● **Task brief**: Quote the listing below in full and exactly as written, but omit every picture.

● **Data below**:
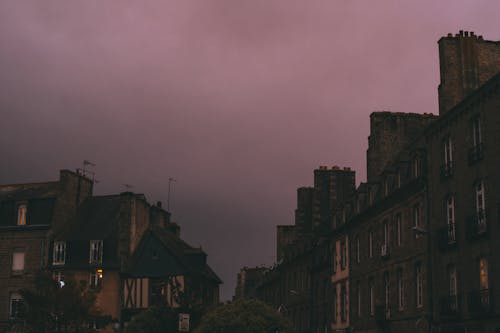 Town street under dark purple sunset cloudy sky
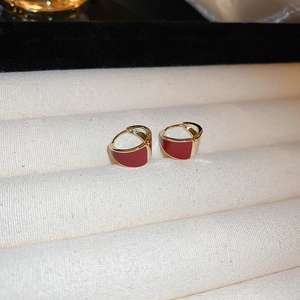 Macro shot of minimalist gold crescent earrings with red enamel on a velvet tray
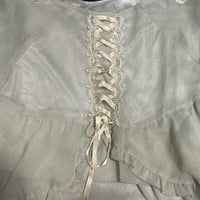 Image 4 of Axes Femme cape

● **Result**:
 Town street under dark purple sunset cloudy sky
 Macro shot of minimalist gold crescent earrings with red enamel on a velvet tray
 Image 4 of Axes Femme cape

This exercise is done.